Tuesday, April 3, 2018

1 Corinthians 15:51-58 All We Know That Isn't So


Observation: At least two decades before the first Gospel account was written down, Paul writes to the Corinthians about a great mystery, which strikes at the heart of Easter. Not only was Jesus raised from the dead, but we will be, too. Our bodies will not be perishable, or subject to the decay and illness that we know from our current life, but they will be bodies in some meaningful sense of the word, and ultimately we will live here, not on some other spiritual plane. 

Application: I once asked a class full of confirmation students to draw what they believe they will look like after their death. The answers were as varied as the number of students, from crime-fighting ninja ghost, to motionless corpse, to the more "conventional" angel with a harp on a cloud. These were mostly lifelong Christians, who sang hymns of praise every Easter, who shouted "Christ is Risen Indeed!" on an annual basis. 

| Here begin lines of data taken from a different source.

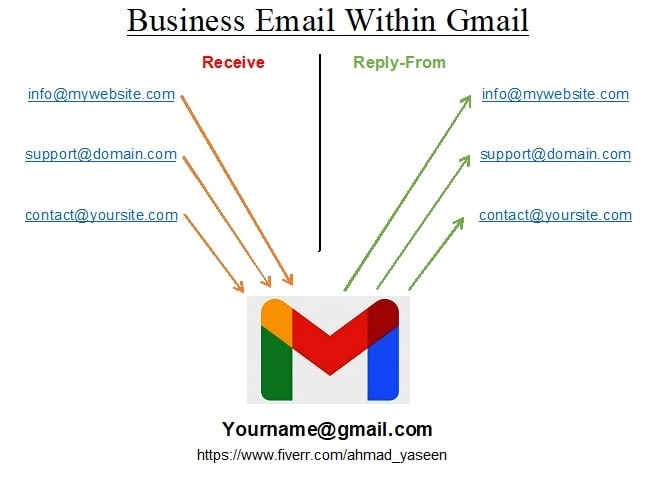 do all the work related to gmail, email and gsuite
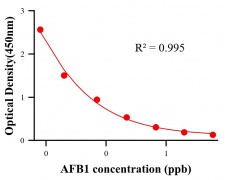 毒素ELISA競爭法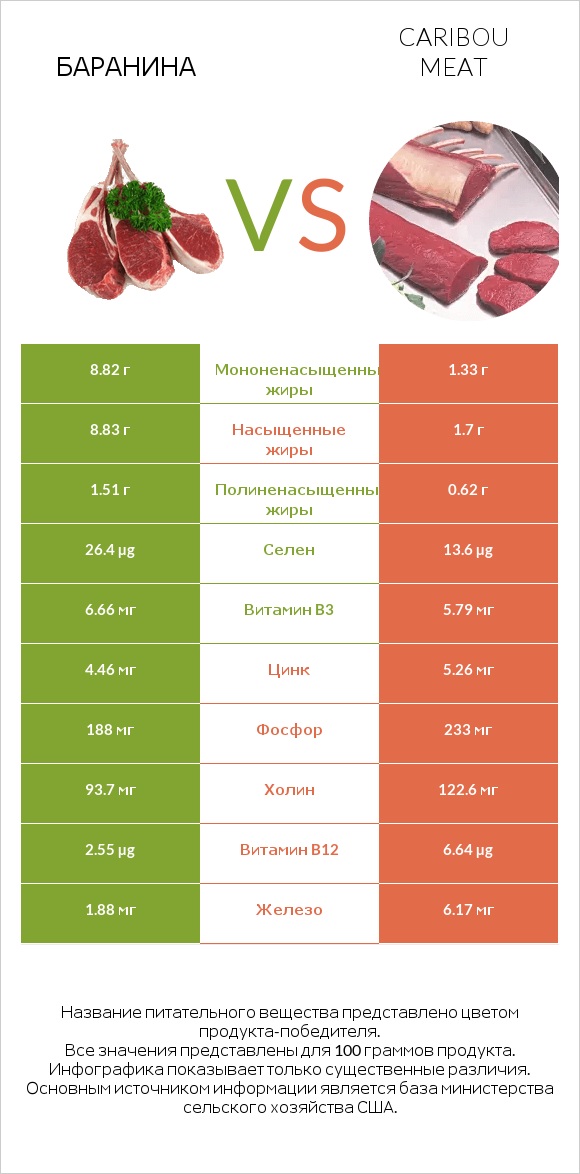 Баранина vs Caribou meat infographic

It's not just young people. It's Christians of all ages. Our views of what happens to us after we die are widely varied, and even our internalized view of what "the Bible says" is kind of all over the place. Where it all comes from is a much longer story. There's some Greek philosophy in there, some inter-religious dialogue, some ancient Christian disagreements, a good helping of pop culture...it's quite a stew. But the consensus view seems to gather around leaving our mortal bodies behind, and having our consciousness or our "soul" ascend to some other far-away heavenly dimension, to be reunited with loved ones and with Jesus forever. 

My Easter challenge to you, dear reader is this: let's pretend you've never heard of any of that. It's hard, I know, but pretend you're a blank slate. Now, read the entire chapter of 1 Corinthians 15. You may find that what "the Bible says", at least here, is a little different from what we think it says.

To borrow a phrase from Ronald Reagan (this is not a political endorsement), the problem is not that we don't know anything about the resurrection. It's just that we know so much that isn't so. The trouble with the witness of death and resurrection in the New Testament is not so much that it isn't coherent. The trouble is the coherent picture it paints is a pretty wild story. And it ends right back here, on planet earth, which for many of us is a bit of a scandal. 

At its heart, the resurrection is a mystery. Even Paul says so. We do know that in a very radical way, we'll be changed. And that the change that happened to Jesus 2,000 years ago is relevant to that change. Paul holds very tightly to the idea that some day, what happened to him will happen to us--all of us, at the same time. Christians differ on what will be our state of consciousness, or existence, in the mean time. But the resurrection wasn't a one-off freak accident of God's grace. It is the blueprint: the mold for our ultimate destiny. 

Prayer: Jesus, your resurrection is a mystery. Help me be humble in approaching it, and remind me that what it really is, and how we will experience it first hand, is known only to you. Give me enough trust to proclaim it, to embrace it, and to leave the details to your Holy Spirit. In your name I pray. Amen.